* Task instructions
Repeat the data below in full. Pictures must not be part of the copy.

START Data

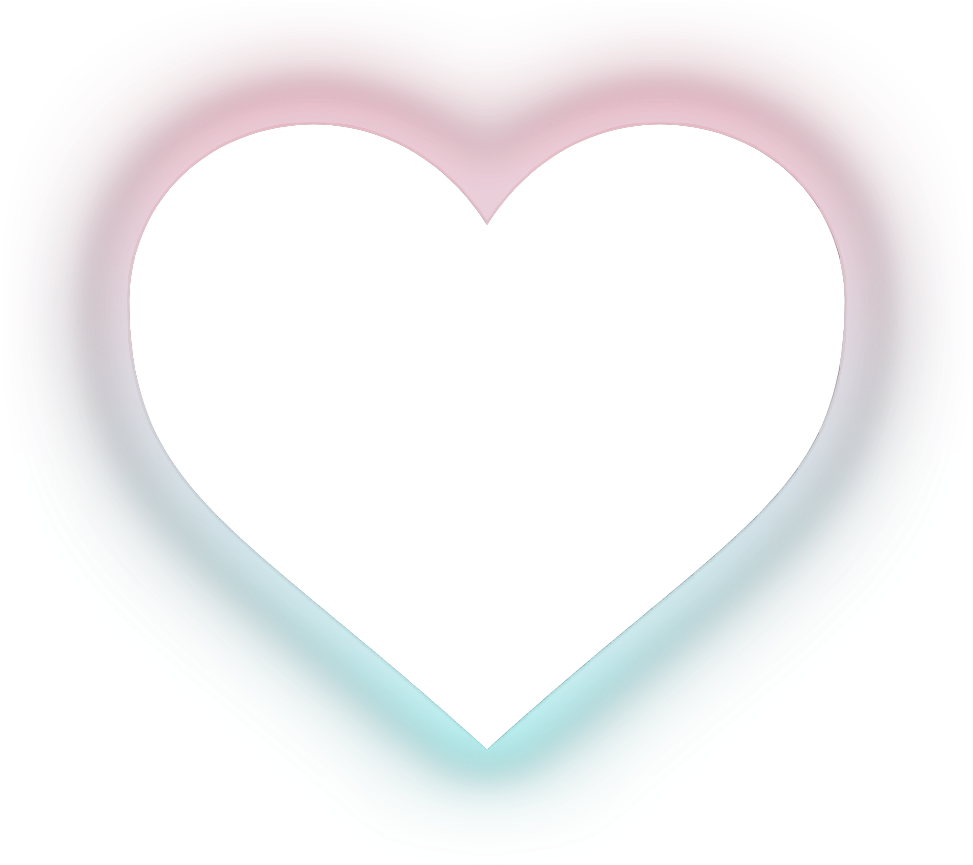 Neon Glow Heart Graphic PNG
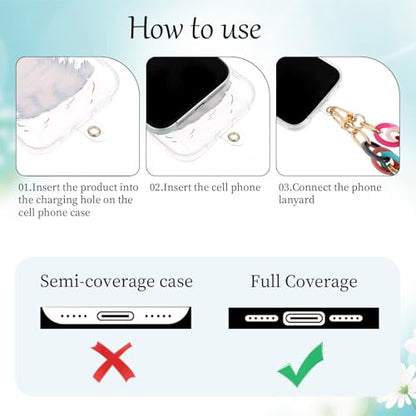Vin Beauty Phone Wrist Strap Acrylic Phone Charms Strap Detachable Phone Bracelet Charm Strap for Phone Case Cellphone Lanyard with Tether Tab Phone Charms Wrist Strap for Phone Case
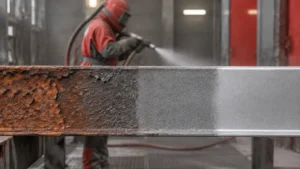 Superfície de aço mostrando diferentes níveis de limpeza após jateamento abrasivo em ambiente industrial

END Data

* Your response
 Neon Glow Heart Graphic PNG
Vin Beauty Phone Wrist Strap Acrylic Phone Charms Strap Detachable Phone Bracelet Charm Strap for Phone Case Cellphone Lanyard with Tether Tab Phone Charms Wrist Strap for Phone Case
 Superfície de aço mostrando diferentes níveis de limpeza após jateamento abrasivo em ambiente industrial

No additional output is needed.